▶ [WHAT IS EXPECTED]: For every line below, restate it exactly and drop the images.

▶ [SUPPLIED MATERIAL]:
_ _ _
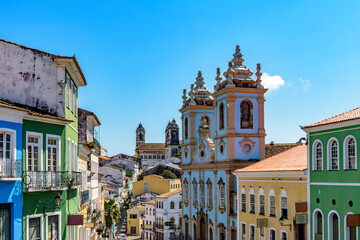 Fototapeta premium Historic neighborhood of Pelourinho in Salvador, Bahia with its streets, houses and churches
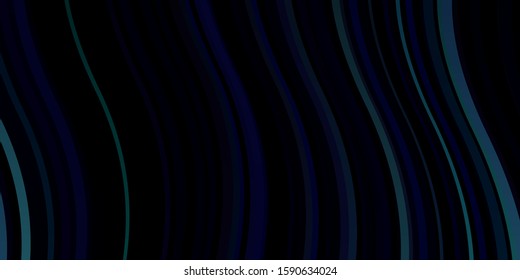 Dark Blue, Green vector template with lines. Colorful abstract illustration with gradient curves. Template for cellphones.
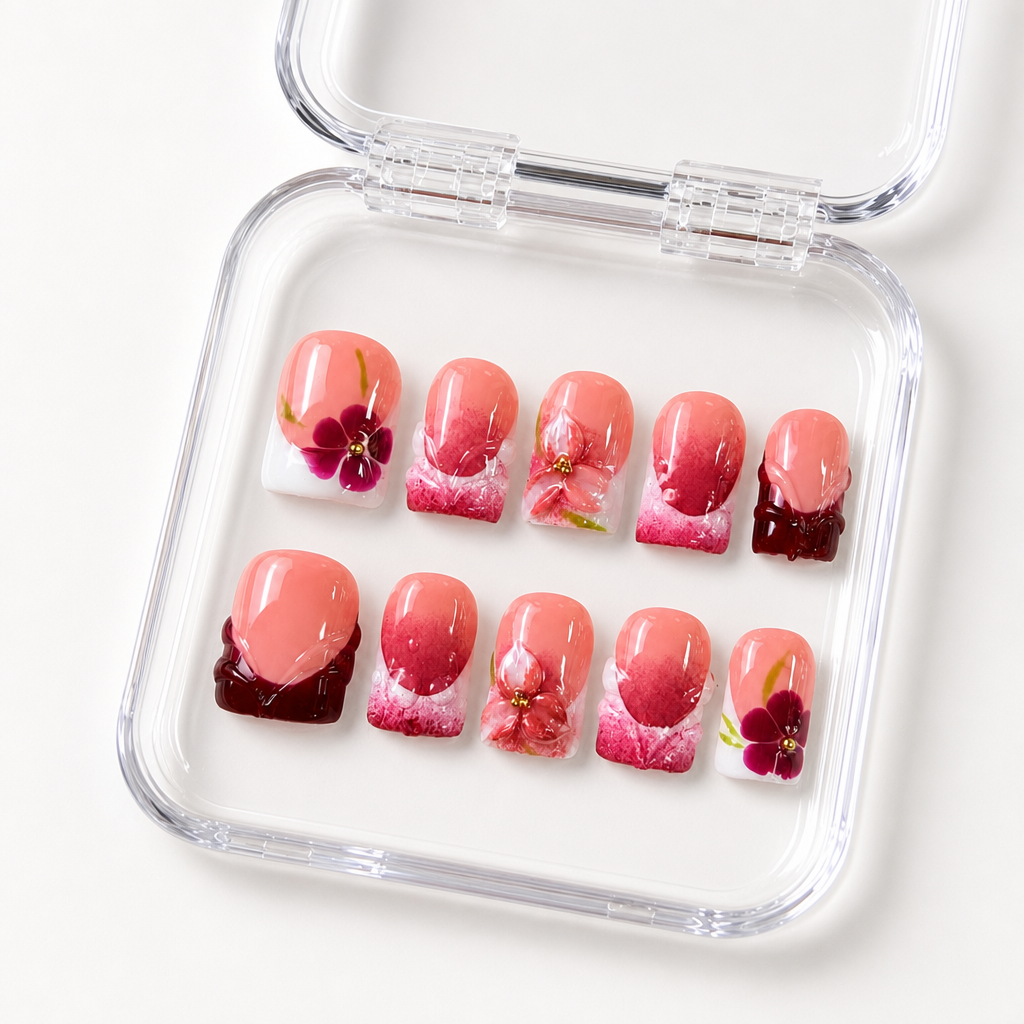 GAGUGAGU Rose Red Bow Press-On Nails for Girls Night Out, Glossy False Nails for Birthday Party, Date Night and Weekend Style, S M L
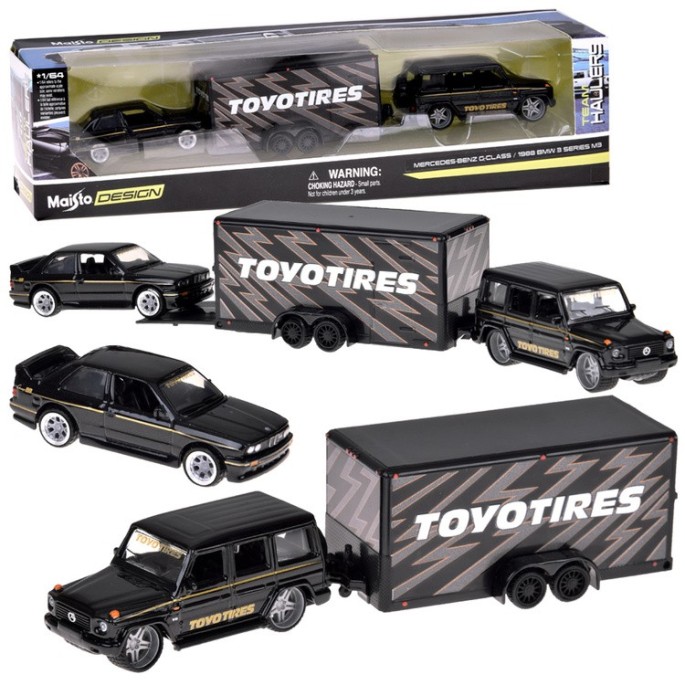 Maisto Sada 3v1 Kovové auto 1:64 Mercedes-Benz G 1988 a Kovové auto BMW M3 E30 s Prívesom, čierne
_ _ _
▶ [ANSWER TO THIS EXERCISE]:
 Fototapeta premium Historic neighborhood of Pelourinho in Salvador, Bahia with its streets, houses and churches
 Dark Blue, Green vector template with lines. Colorful abstract illustration with gradient curves. Template for cellphones.
 GAGUGAGU Rose Red Bow Press-On Nails for Girls Night Out, Glossy False Nails for Birthday Party, Date Night and Weekend Style, S M L
 Maisto Sada 3v1 Kovové auto 1:64 Mercedes-Benz G 1988 a Kovové auto BMW M3 E30 s Prívesom, čierne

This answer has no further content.